WORK TO BE COMPLETED: In the entries that follow, how many lines include the string "from"? The answer is the number only.

RECORDS FOR PROCESSING:
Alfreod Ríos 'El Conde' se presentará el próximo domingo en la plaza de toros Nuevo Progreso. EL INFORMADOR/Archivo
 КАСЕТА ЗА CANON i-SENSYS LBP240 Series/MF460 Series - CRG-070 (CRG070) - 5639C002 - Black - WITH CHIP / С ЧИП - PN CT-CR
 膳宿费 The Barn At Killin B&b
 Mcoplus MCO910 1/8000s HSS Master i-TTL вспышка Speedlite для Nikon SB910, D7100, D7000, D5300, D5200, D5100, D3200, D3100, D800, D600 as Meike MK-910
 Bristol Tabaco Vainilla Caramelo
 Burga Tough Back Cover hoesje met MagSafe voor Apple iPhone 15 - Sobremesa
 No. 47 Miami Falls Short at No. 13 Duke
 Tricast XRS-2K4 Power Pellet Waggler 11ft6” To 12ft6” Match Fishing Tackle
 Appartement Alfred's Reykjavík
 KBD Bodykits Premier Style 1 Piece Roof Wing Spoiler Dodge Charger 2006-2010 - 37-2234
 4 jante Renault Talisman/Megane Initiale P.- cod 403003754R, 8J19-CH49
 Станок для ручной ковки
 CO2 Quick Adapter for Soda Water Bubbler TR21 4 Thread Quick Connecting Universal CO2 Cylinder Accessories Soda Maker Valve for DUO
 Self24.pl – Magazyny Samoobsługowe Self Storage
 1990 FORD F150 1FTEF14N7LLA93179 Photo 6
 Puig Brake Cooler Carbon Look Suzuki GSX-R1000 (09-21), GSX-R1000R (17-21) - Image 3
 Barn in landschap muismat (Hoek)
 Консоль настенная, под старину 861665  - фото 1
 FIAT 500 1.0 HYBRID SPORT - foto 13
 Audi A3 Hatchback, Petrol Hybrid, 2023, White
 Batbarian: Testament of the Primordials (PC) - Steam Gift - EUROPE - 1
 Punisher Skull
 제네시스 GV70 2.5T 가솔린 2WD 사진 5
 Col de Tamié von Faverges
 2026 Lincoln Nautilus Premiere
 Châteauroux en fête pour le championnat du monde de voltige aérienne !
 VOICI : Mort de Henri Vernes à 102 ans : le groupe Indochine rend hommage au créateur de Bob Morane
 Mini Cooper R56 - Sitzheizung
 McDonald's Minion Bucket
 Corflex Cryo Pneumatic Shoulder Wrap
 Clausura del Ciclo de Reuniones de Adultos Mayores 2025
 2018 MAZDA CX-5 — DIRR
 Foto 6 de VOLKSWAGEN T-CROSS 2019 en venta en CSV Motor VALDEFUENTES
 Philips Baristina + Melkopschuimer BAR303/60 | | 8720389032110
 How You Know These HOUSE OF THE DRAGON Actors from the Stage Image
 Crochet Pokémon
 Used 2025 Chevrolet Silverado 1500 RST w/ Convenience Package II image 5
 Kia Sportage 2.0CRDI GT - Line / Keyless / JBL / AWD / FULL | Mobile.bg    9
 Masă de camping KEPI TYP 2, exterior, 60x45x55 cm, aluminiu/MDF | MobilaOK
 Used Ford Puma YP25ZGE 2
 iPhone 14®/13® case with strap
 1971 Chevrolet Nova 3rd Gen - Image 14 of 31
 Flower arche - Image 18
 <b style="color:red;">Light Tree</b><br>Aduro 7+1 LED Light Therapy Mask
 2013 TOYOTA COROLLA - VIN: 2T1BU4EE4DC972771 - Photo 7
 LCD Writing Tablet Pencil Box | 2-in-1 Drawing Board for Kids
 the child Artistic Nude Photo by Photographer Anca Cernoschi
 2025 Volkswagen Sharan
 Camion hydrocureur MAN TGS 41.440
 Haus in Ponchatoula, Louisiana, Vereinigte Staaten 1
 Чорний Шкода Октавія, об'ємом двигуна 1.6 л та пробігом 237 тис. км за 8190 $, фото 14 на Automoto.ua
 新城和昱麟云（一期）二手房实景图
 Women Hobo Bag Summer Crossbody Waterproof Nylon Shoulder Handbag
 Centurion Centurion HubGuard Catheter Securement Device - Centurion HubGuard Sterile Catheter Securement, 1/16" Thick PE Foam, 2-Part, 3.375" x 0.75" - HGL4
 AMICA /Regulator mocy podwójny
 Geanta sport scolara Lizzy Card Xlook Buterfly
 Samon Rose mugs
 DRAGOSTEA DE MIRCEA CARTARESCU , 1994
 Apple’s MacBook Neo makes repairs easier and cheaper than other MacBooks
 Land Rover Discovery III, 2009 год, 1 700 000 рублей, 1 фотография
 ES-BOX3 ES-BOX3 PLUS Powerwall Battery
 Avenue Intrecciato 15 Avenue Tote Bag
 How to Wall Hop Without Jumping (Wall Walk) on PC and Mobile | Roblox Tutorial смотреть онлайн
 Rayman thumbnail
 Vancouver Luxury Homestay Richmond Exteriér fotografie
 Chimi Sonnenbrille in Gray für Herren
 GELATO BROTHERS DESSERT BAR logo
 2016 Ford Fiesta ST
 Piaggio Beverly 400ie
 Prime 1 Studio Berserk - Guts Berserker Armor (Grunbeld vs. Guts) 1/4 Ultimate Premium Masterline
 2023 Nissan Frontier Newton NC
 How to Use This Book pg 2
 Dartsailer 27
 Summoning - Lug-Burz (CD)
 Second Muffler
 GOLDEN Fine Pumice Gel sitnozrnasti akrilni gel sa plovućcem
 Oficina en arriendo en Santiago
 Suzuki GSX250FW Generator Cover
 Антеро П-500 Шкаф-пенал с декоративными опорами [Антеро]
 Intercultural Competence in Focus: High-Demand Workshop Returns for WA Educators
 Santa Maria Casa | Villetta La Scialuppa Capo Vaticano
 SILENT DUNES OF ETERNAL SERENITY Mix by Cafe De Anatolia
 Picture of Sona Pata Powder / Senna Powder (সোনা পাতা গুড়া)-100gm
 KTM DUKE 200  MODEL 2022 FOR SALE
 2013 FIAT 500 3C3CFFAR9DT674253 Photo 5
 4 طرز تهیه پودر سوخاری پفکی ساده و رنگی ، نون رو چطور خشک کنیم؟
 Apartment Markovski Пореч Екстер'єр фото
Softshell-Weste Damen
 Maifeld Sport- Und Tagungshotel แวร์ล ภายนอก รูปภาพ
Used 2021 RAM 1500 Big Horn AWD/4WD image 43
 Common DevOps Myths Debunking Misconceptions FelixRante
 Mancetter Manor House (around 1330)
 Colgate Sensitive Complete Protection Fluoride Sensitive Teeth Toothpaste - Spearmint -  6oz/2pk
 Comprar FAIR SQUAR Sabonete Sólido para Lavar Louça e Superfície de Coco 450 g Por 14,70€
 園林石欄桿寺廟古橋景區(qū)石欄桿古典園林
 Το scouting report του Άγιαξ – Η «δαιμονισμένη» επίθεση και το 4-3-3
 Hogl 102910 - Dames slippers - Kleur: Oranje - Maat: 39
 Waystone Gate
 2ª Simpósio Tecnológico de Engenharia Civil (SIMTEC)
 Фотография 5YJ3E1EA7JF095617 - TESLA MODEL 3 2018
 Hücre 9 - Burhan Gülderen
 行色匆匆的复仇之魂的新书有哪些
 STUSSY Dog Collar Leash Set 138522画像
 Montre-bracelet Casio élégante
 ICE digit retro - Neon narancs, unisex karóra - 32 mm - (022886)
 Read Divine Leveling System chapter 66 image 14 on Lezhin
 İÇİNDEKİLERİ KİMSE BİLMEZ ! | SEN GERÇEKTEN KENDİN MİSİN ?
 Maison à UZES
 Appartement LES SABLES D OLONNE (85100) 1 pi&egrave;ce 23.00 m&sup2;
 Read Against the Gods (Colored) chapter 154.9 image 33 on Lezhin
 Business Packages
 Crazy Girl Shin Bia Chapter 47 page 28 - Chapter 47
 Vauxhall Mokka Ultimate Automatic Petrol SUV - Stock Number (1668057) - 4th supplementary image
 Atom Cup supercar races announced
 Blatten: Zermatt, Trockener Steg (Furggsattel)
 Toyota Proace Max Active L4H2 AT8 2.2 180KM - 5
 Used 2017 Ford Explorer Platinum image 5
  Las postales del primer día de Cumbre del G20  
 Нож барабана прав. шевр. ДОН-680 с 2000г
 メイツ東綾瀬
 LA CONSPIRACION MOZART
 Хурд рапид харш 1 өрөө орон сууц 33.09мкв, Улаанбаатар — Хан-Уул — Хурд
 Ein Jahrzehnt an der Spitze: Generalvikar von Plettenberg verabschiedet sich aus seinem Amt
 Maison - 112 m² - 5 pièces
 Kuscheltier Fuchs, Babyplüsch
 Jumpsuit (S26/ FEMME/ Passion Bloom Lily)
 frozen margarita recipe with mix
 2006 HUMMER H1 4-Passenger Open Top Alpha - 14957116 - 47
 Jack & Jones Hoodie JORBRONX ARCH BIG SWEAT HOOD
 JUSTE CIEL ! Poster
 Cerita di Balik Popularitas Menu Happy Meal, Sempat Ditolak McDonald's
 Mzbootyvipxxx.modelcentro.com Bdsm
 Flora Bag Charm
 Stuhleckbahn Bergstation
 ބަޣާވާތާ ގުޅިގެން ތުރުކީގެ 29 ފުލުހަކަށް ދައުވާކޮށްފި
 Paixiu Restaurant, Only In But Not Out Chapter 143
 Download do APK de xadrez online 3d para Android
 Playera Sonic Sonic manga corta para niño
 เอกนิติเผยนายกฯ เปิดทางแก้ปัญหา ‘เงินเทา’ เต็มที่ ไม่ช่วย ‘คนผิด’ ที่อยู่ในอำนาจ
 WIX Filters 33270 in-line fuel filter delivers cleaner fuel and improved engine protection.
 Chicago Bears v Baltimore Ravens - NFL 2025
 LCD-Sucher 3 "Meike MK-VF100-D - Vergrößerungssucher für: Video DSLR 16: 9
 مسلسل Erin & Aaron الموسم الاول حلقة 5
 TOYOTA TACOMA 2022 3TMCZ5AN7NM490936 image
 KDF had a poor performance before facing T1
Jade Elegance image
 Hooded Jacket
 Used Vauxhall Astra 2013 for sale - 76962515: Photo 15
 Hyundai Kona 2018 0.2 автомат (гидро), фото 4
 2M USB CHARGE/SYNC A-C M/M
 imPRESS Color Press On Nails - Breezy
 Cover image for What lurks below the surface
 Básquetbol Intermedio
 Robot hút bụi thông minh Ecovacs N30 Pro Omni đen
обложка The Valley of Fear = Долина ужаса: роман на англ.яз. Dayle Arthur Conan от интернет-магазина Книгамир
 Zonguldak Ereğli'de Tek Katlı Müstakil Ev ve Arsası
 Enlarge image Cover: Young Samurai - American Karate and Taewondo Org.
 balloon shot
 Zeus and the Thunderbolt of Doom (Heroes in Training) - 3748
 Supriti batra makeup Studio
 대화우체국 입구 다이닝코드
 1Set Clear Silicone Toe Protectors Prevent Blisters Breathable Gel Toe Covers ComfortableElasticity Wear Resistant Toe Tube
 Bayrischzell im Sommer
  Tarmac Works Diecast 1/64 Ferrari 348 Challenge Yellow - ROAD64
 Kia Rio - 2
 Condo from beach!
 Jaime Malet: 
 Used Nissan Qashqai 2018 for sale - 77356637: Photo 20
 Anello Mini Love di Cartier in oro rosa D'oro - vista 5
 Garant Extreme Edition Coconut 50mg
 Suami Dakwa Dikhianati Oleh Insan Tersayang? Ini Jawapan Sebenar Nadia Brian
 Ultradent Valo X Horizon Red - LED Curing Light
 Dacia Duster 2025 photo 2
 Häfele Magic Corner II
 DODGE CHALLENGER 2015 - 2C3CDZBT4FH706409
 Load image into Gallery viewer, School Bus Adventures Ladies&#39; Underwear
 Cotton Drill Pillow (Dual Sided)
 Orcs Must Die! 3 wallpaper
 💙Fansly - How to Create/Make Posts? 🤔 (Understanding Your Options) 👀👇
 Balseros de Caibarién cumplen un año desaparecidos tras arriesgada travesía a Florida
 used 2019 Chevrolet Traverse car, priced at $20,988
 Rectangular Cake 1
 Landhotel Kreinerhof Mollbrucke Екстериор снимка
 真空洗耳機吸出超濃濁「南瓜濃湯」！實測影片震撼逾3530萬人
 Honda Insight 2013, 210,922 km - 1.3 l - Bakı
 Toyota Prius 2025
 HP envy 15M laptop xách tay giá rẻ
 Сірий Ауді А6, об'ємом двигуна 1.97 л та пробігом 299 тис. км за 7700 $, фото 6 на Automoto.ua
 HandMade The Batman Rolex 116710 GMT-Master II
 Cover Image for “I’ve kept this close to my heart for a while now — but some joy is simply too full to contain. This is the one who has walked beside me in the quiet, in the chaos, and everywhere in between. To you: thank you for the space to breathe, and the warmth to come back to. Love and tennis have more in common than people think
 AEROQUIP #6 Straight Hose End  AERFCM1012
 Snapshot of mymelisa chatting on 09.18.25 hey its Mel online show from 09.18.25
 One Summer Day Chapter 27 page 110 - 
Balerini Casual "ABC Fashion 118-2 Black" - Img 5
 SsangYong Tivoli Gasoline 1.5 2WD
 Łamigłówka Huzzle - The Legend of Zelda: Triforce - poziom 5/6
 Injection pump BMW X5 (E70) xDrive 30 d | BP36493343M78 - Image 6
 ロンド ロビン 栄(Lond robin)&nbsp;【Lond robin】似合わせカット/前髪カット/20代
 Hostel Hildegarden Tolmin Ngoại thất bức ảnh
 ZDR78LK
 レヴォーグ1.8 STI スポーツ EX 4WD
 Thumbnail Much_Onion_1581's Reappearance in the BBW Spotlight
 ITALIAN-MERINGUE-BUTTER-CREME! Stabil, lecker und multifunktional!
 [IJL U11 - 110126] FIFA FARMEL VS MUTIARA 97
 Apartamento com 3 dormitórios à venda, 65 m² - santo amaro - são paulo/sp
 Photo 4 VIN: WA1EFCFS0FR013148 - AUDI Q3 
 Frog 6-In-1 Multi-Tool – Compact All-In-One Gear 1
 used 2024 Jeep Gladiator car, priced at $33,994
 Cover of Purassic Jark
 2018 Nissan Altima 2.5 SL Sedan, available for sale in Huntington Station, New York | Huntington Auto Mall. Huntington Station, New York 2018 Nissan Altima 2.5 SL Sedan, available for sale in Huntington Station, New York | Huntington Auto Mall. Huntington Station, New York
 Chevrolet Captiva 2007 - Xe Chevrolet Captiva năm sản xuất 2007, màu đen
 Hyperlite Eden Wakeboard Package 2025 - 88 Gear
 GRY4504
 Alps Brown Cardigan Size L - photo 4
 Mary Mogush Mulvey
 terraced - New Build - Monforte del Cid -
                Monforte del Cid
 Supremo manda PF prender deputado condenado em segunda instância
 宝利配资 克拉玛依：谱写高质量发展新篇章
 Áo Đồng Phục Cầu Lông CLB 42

ANSWER AREA: 3